Field day showcases APACHE sprayers
CHURDAN – When Jim Brown was thinking about buying a new sprayer, the Churdan-area farmer looked at many different options before selecting the AS1010 self-propelled, 1,000-gallon APACHE sprayer from Equipment Technologies.
“I like its simple physics, and we’ve covered 4,000 acres with the sprayer already,” said Brown, who used a pull-type sprayer before investing in the APACHE. “The APACHE is affordable, compared to many other sprayers, it rides nice, it’s simple to run, and it does everything we need it to.”
Brown recently hosted an APACHE sprayer field day at his Greene County farm in conjunction with Brokaw Supply Co., of Fort Dodge, which sells the torque-converted, mechanical-drive sprayers. Many area farmers stopped by to view and test drive the APACHE machines, which are available in three models, including the AS715 (750 gallons), AS1010 (1,000 gallons) and AS1210 (1,200 gallons).
According to factory representatives, the simplicity of the APACHE’s drive train offers 50 percent better fuel efficiency, easy do-it-yourself maintenance, significantly less soil compaction and a smoother, quieter ride compared to hydrostats.
Gary Nelson, a Brokaw Supply co-owner, who also farms in the Fort Dodge area, recently purchased an APACHE sprayer for his own use. “It’s a big step to go from a pull-type sprayer to a self-propelled machine, but I really like my APACHE.
“You can spray 100 acres an hour with one of these rigs and I’m impressed by how well they go through the mud.”
The APACHE’s suspension system is a big plus, Nelson added.
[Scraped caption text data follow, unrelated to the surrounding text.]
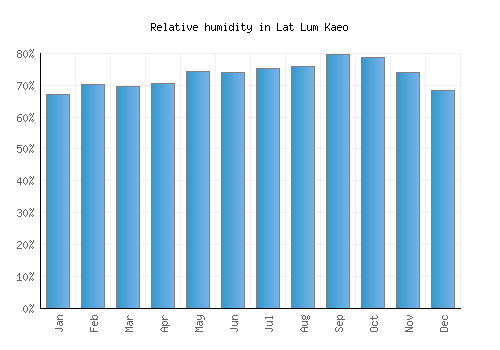 Lat Lum Kaeo relative humidity averages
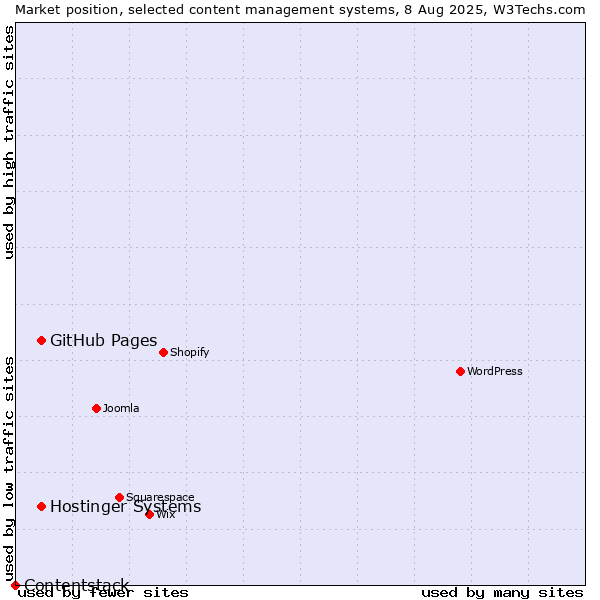 Market position of GitHub Pages vs. Hostinger Systems vs. Contentstack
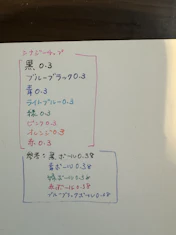 細字に適しているシナジーチップの投稿画像1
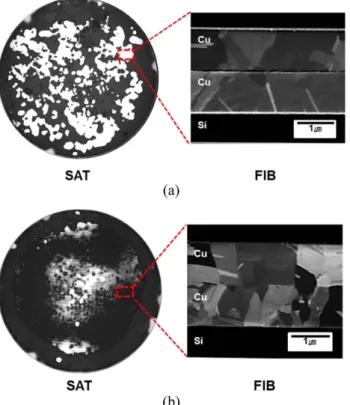 Fig. 6. Load-displacement curves of Cu-Cu direct bonds with Ar/
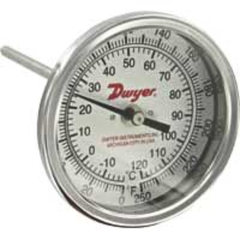 SERIES BT – NHIỆT KẾ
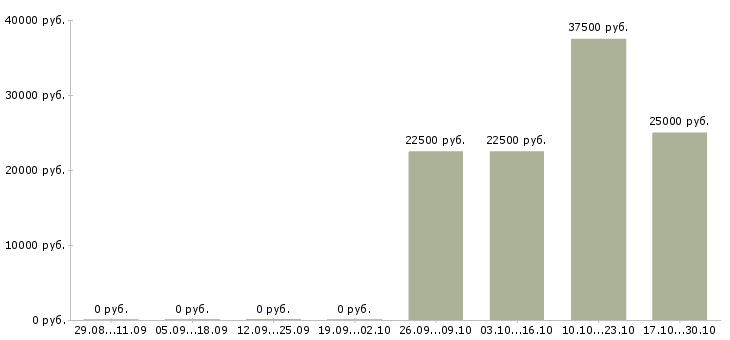Вакансии бухгалтер по расчету зарплаты Ростов-на-дону - Медиана зарплат бухгалтер по расчету зарплаты Ростов-на-дону за 2 месяца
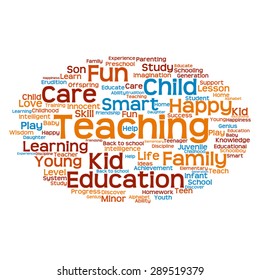 Concepto vectorial o educación conceptual nube de palabras abstracta, fondo blanco, metáfora al niño, la familia, la escuela, la vida, el aprendizaje, el conocimiento, el hogar, el estudio, la enseñanza, la educación, el logro, la infancia o la adolescencia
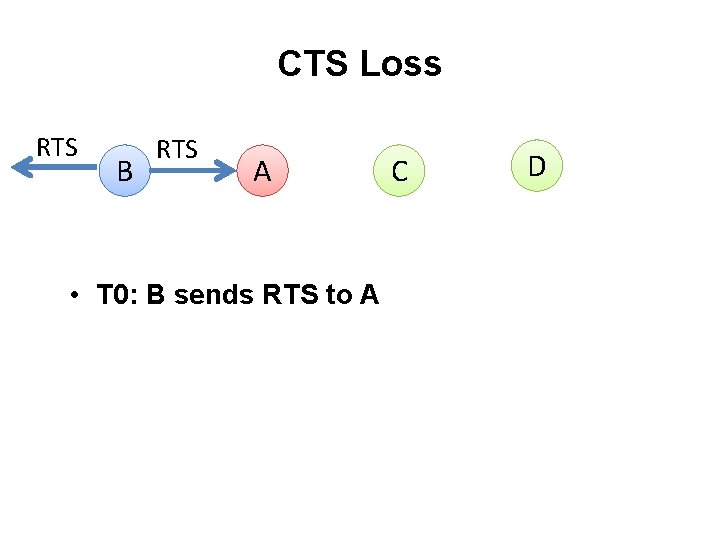 CTS Loss RTS B RTS A • T 0: B sends RTS to A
The sprayers feature anti-sway and auto-leveling technologies that keep the booms out of the soil on sharp turns, regardless of whether the tank is full or close to empty, said Jeremy Hurt, service manager for Equipment Technologies, a privately-owned company in Mooresville, Ind.
The sprayer’s patented hydraulic suspension, combined with the focused power of the rig’s mechanical drive, allows the operator to take off from any gear position and do so without tearing up the field.
This is possible, because the APACHE is geared to multiply engine torque up to two times when needed for hilly terrain and muddy conditions. Then a limited slip differential kicks in, so the operator gets traction where he or she needs it.
“The APACHES can run so efficiently,” said Hurt, “because with mechanical drive you get 90 percent of the power right to the ground.” He added that the APACHES can reliably spray 1,000 acres on a single tank of fuel.
The two-wheel drive APACHE rigs, which feature Cummins engines and a five-year limited warranty, come with a variety of boom widths, including a 60/80, 60/90, straight 80, straight 90, and up to 100 feet.
A farmer who worked at a co-op developed the concept for the APACHE sprayer, which Equipment Technologies has manufactured since 1997, said Nick Smith, inside sales manager for Equipment Technologies.
“All we do is make sprayers, and the APACHES get your biggest return on investment,” said Smith, who noted that an APACHE sprayer retains 76 percent of its original value after six years. “The resale value is so high, because the APACHES are easy to work on and parts are readily available.”
Precision ag tech
Equipment Technologies, which was among the earliest adopters of precision-ag technology, factory installs a wide variety of Raven precision-ag options, from guidance and steering to application rate control.
Brown’s APACHE sprayer, which features a 90-foot boom, includes auto steering technology, boom control that automatically turns booms on and off, and an Envizio Pro touch screen, which provides multi-field views and full-motion field maps as the sprayer moves through the field.
APACHE sprayers also offer a full range of options, includin full flotation tires, rear duals, field lighting and a chemical educator that works well for mixing dry and liquid chemicals.
Nelson, who noted that Brokaw Supply has two factory-trained mechanics and a precision ag/Raven specialist on staff, said there has been a lot of interest in the APACHE sprayers, which are relatively new to the area. “Once you get the farmers in the cab to drive the APACHE sprayer, they fall in love with it.”